The embutido is another manifestation of the Spanish influence in the Filipino cuisine. The recipe of the embutido is adapted from the Spanish cured sausages. The ingredients of the embutido is modified through time to suit the likings of the people.
During different events especially the town fiestas, embutido is one of the dishes which is first to look for and consumed. Even though there are a lot of processed and ready-to-eat embutido which can be bought from the local grocery stores, nothing beats the classic homemade embutido.
HOW TO MAKE CHICKEN EMBUTIDO
Making a chicken embutido is much easier than how it looks. The only thing that might take you long is the preparation of the ingredients since there is a great variety of them.
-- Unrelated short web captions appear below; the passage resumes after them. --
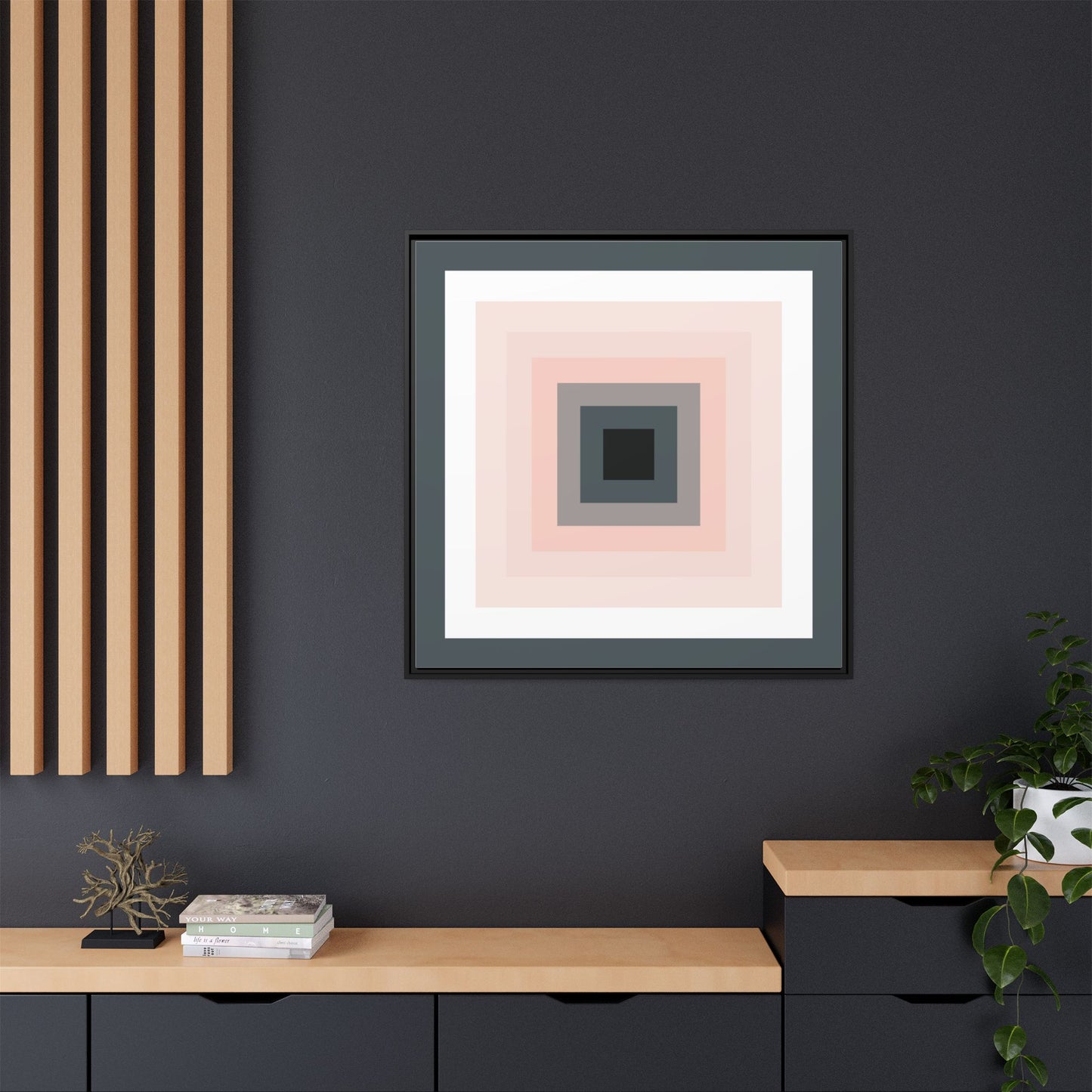 Modern Framed Geometric Canvas Art | Bold Color Meets Clean Framing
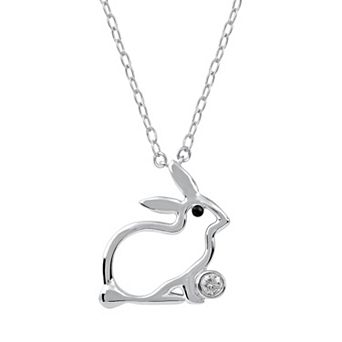 DeCouer Diamond Accent Rabbit Pendant Necklace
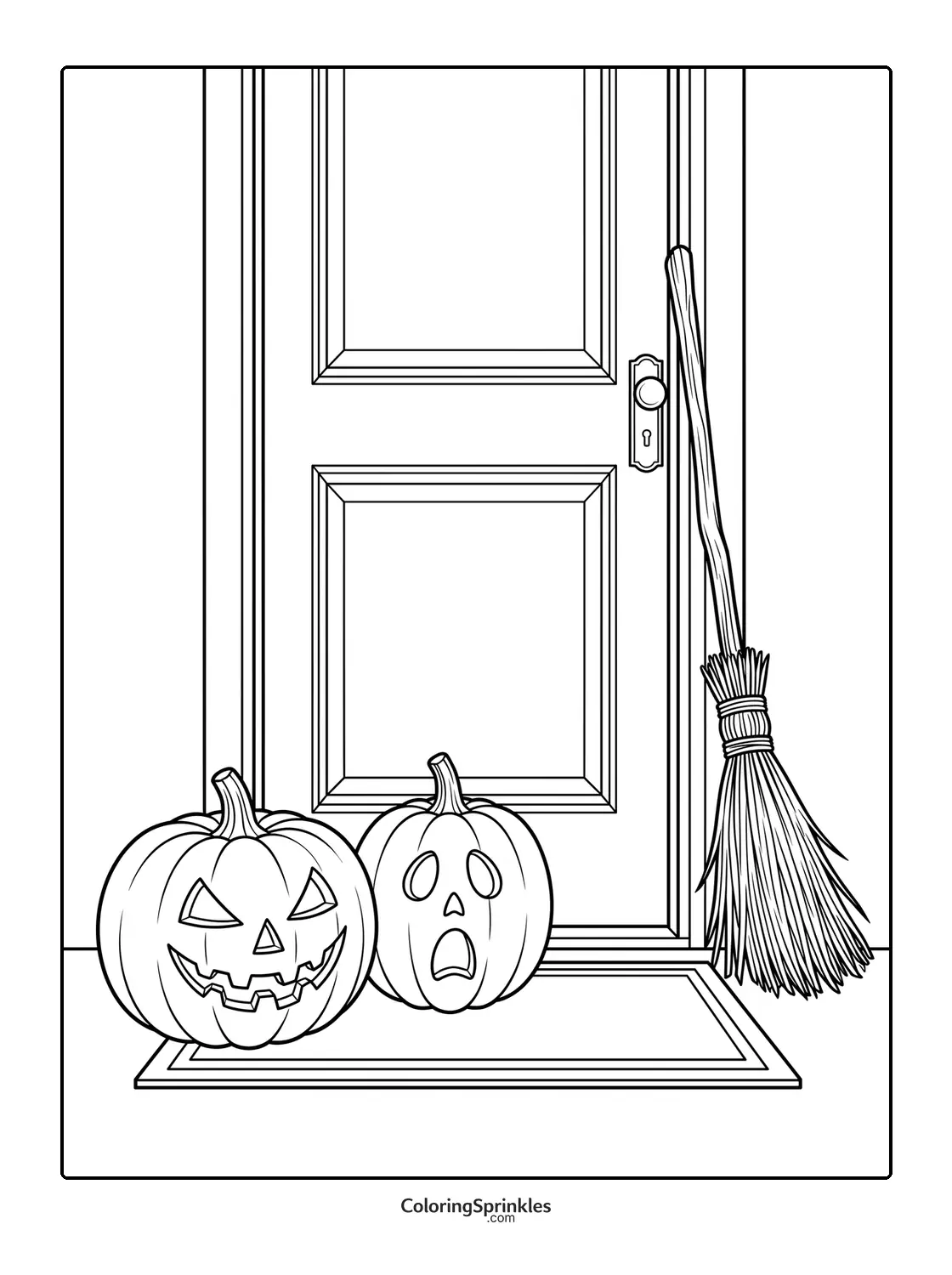 Coloring page of two Halloween pumpkins by a door with a broom and mat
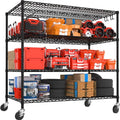 PrimeZone 55.5' W x 24' D x 80' H Heavy Duty Wire Storage Shelves with Wheels, 4 Tier Adjustable NSF Commercial Garage Shelving Unit, Rolling Metal Organizer Shelf Rack for Warehouse, Pantry, Black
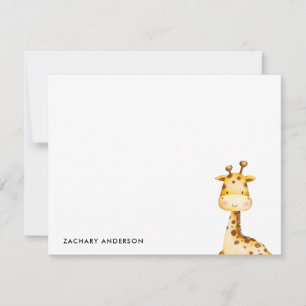 Minimalistische süße Baby-Giraffe-Kinder personali Mitteilungskarte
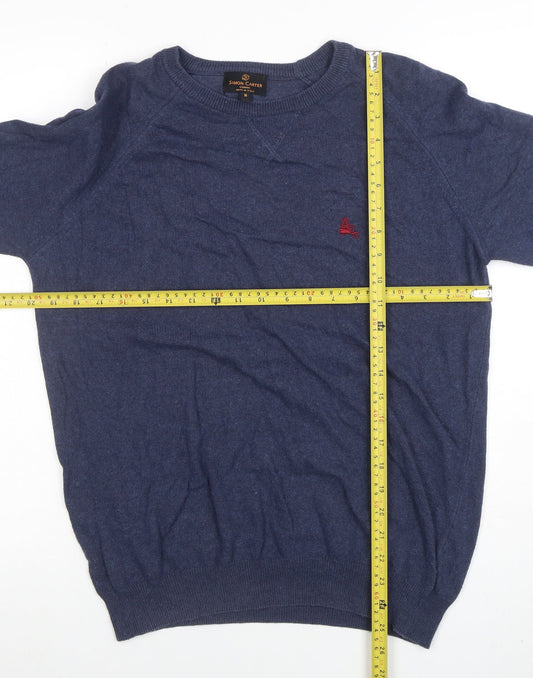 Simon Carter Men’s Blue Cotton Cashmere Crew Neck Jumper Size M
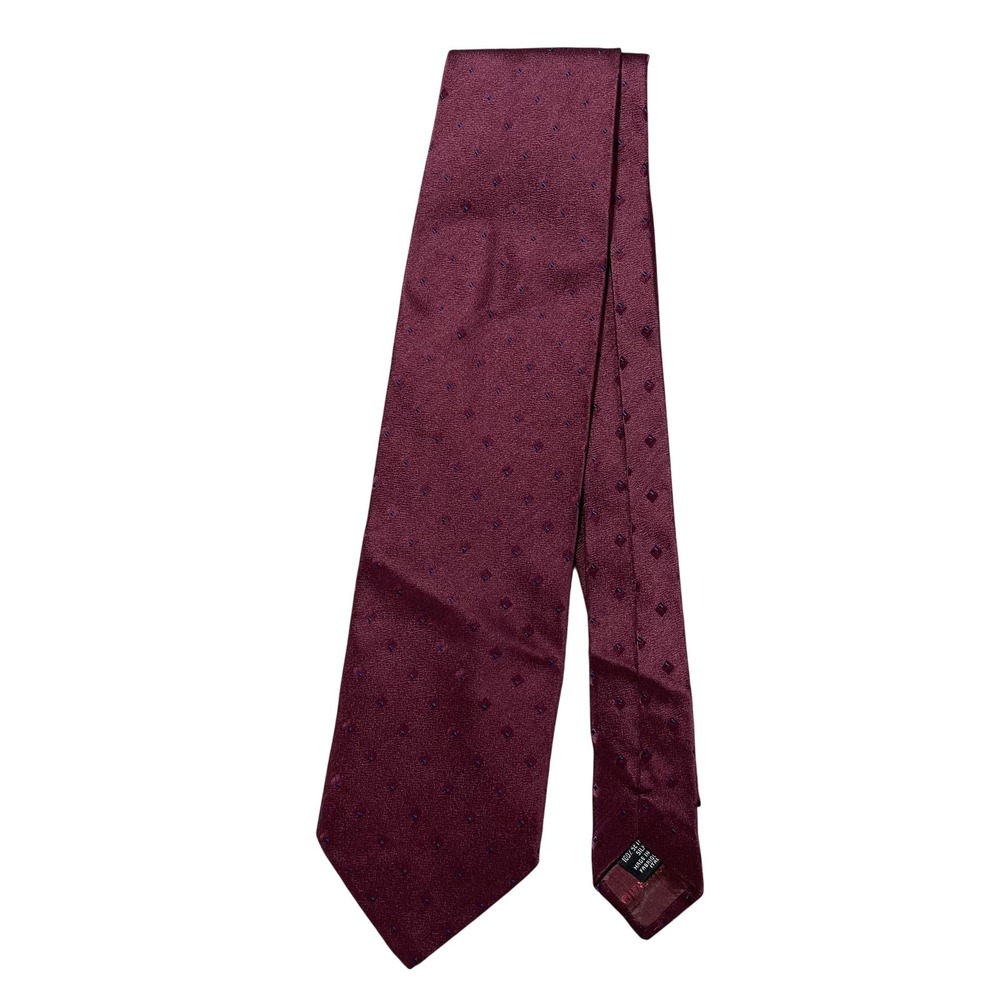 Giorgio Armani Tie Mens One Size Red Geometric Classic Jacquard Silk Necktie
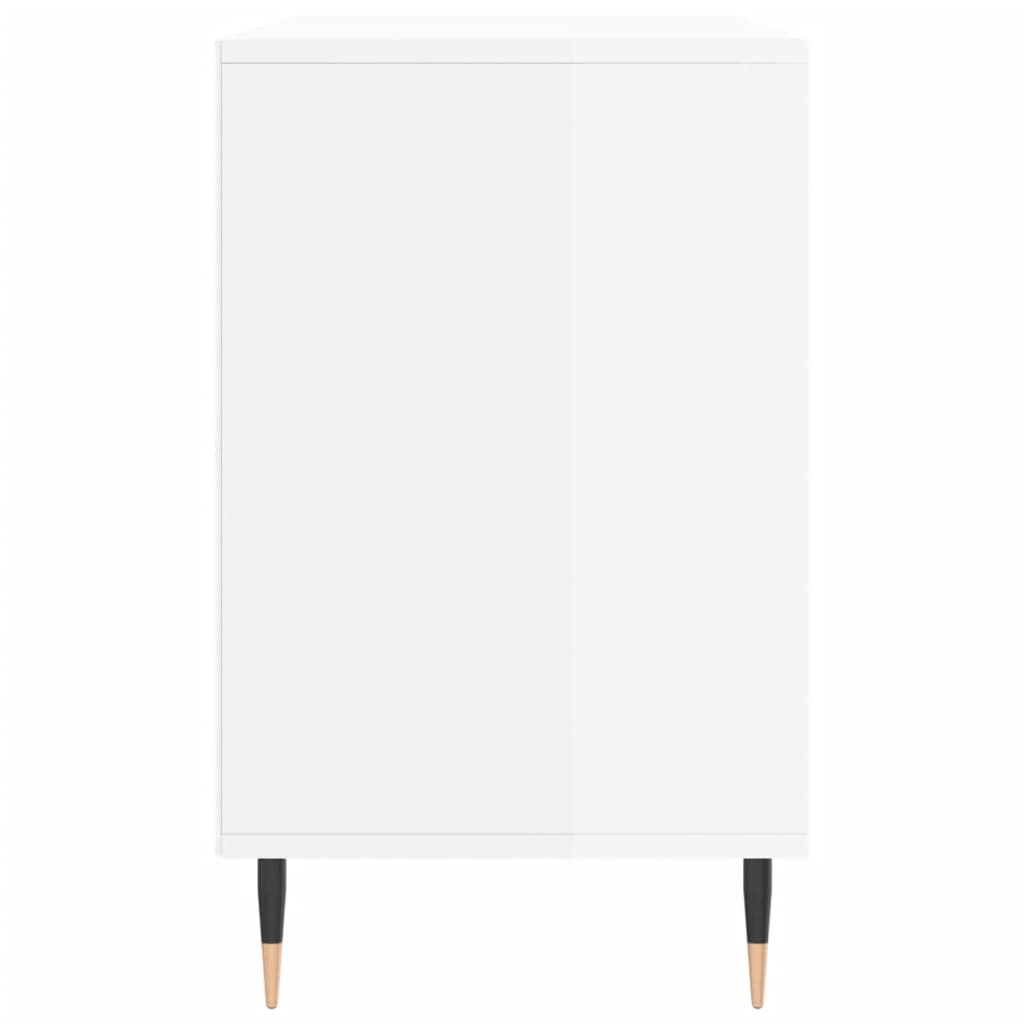 magasfényű fehér szerelt fa cipősszekrény 102x36x60 cm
If you are creating a large batch of embutido with a lot of ingredients, it would be advisable to use an easy chopper or a chopping machine to help you with the preparation of the vegetables and the chicken.
Basically, you will combine all ingredients until you form a sticky and paste-like mixture. This is your embutido mixture. Place and wrap the embutido mixture in the aluminum foil. In this stage, you can add different fillings like sliced hotdogs, boiled eggs, ham and bacon, Cook the embutido by batches in a steaming pan. After this, the freshly-steamed embutido can already be eaten. Personally, I like to fry my embutido slices for crispy sides. Embutido is best served with rice and your favorite dipping sauce.
1kg. ground chicken
1/2 cup raisins
1/2 cup carrots, minced
1 cup breadcrumbs
1/2 cup evaporated milk
1/2 cup grated cheese
1/4 cup sweet pickle relish
1 onion, minced
4 cloves garlic minced
red and green bell pepper
salt & pepper to taste
- In a bowl, add the ground chicken, raisins, carrots, sweet pickle relish, onion, garlic and the red and green bell peppers. Mix the ingredients well.
- In a separate bowl, add the egg, evaporated milk and breadcrumbs. Mix until it has a paste-like consistency.
- Add the egg mixure to the embutido mixture. Mix well until all the ingredients are well-distributed.
- Lay an aluminum foil in a flat and clean surface. Grease the foil with oil or butter to prevent the embutido from sticking too much.
- Pour a scoop of the embutido mixture on the aluminum foil. Flatten the mixture and add your desired fillings.
- Roll the foil with the embutido mixture into a log-shape roll. Wrap the foil and close the sides.
- Steam the embutido for 45 minutes to one hour under medium high heat.
- Let it cool before removing the foil. Serve and enjoy!